A record amount of housing wealth was unlocked by homeowners in 2015 of £1.61 billion through equity release plans, new figures show.
According to the Equity Release Council, equity release lending was up 16% from £1.38 billion in 2014, with homeowners taking out £961 million through drawdown.
More than 22,500 new plans were agreed last year, the highest number since 2008.
Annual equity release lending has more than doubled in the last four years and now exceeds its pre-recession peak of £1.21 billion by 33%.
Last year, drawdown lifetime mortgages accounted for two in three new plans agreed, while lump sum lifetime mortgages made up 34%, while home reversions were below 1%.
Nigel Waterson, chairman of the Equity Release Council, said: “Housing wealth is often people’s greatest asset and it makes sense for equity release to be on every homeowner’s checklist to consider as part of their retirement and estate planning.
“At the same time, it is not suitable for every circumstance, which is why professional financial advice and independent legal advice are essential so that customers understand how the products work, and what they can offer.
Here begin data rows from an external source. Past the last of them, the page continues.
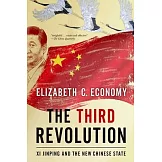 The Third Revolution: XI Jinping and the New Chinese State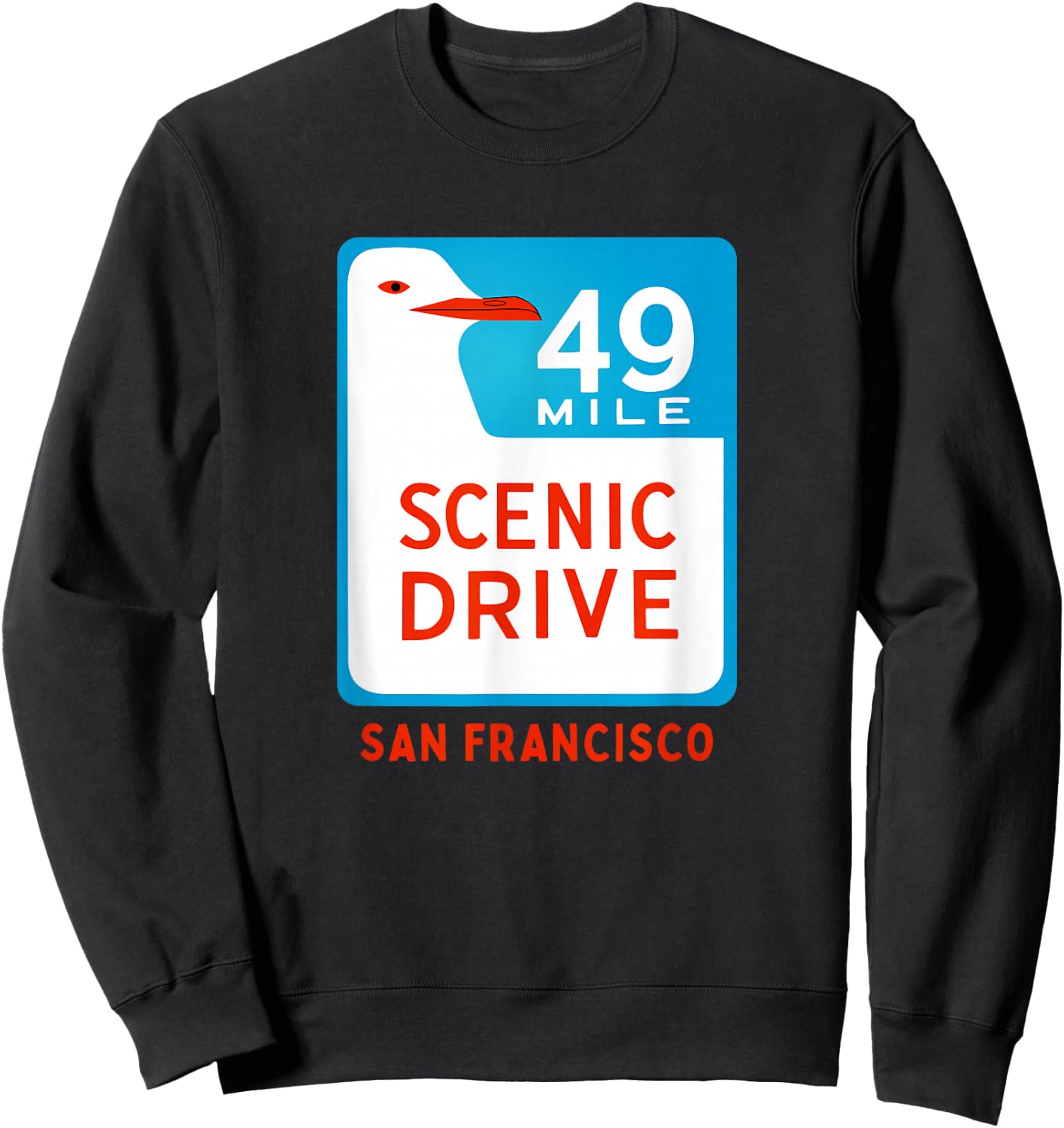 49 Mile Scenic Drive San Francisco California Seagull Sign Sweatshirt - Sweatshirt | Black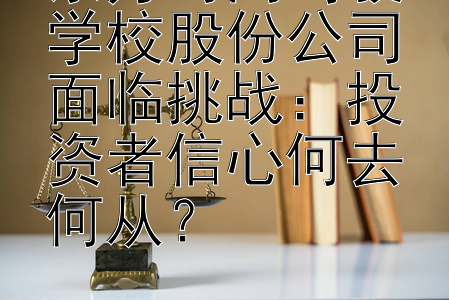 东方时尚驾驶学校股份公司面临挑战：投资者信心何去何从？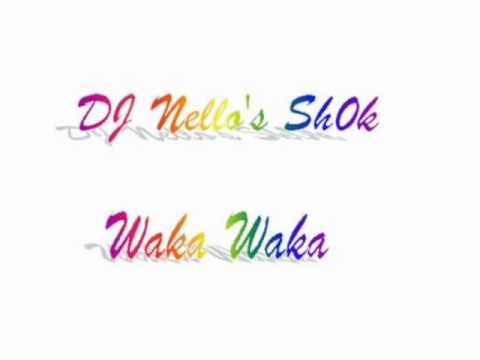 DJ Nello's Sh0k - Waka Waka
Supporting advisers as the market grows will be a top priority in the year ahead.”
Simon Chalk, equity release expert at Age Partnership, said that the 9.5% house price increase last year made people’s homes “potentially their greatest asset.”
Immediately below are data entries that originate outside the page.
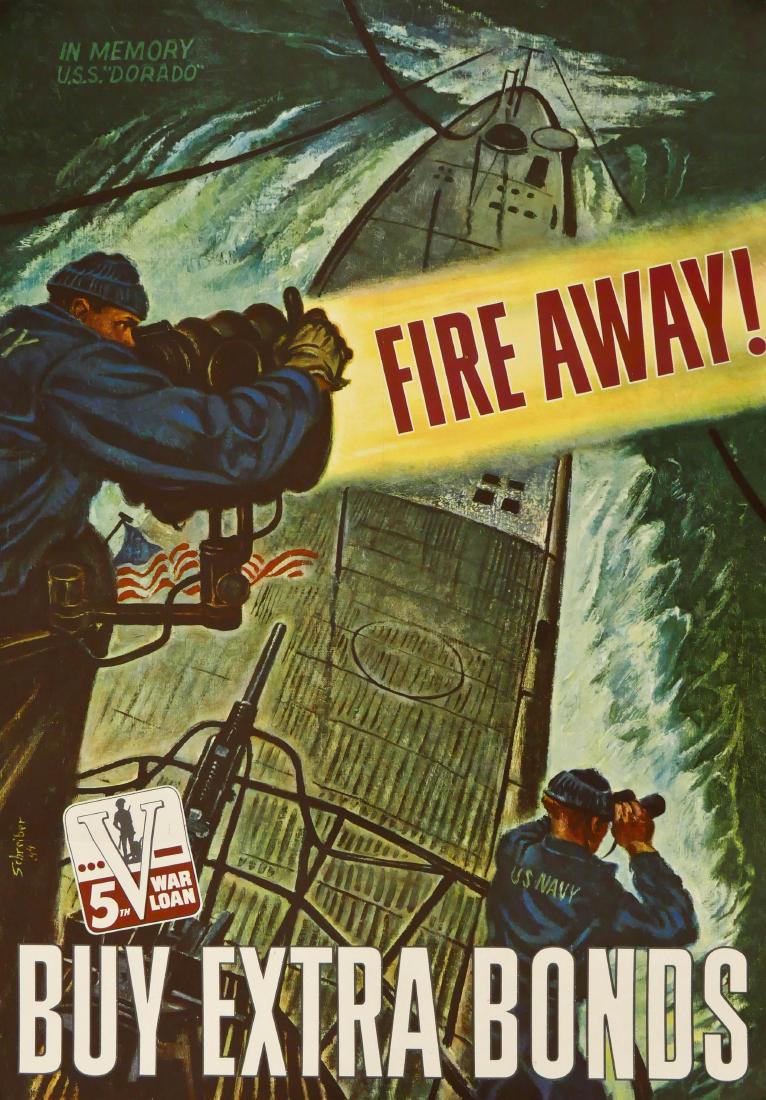 2pc WWII Fire Away! Buy Extra War Bonds Posters: 2pc WWII Fire Away! Buy Extra War Bonds Posters 28''x20'' Each. Georges Schreiber artist. Strong color with light roll creasing. Excellent condition. From a large estate collection of WWII posters bei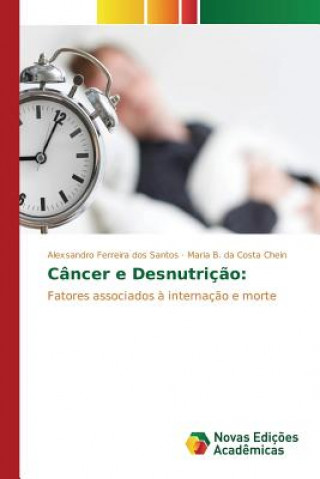 Kniha Cancer e Desnutricao Ferreira Dos Santos Alexsandro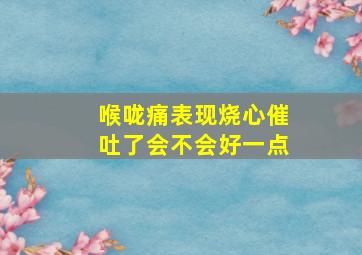 喉咙痛表现烧心催吐了会不会好一点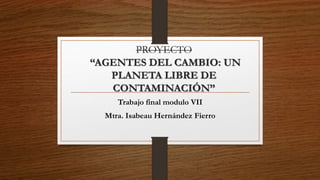PROYECTO
“AGENTES DEL CAMBIO: UN
PLANETA LIBRE DE
CONTAMINACIÓN”
Trabajo final modulo VII
Mtra. Isabeau Hernández Fierro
“During the year, more over-55s benefitted from their increased housing wealth than before as annual equity release lending reached a new high.
“The strong growth in the market is set to continue into 2016 as house prices see no sign of slowing down and people become more aware of the importance of their housing wealth – which is set to double to almost £2.5trillion by 2035. This is also coupled with the reality that the low base rate we have had since the banking crisis, won’t last forever which will inevitably mean mainstream mortgage rates rising, and perhaps moving closer to Lifetime Mortgage fixed interest rates.”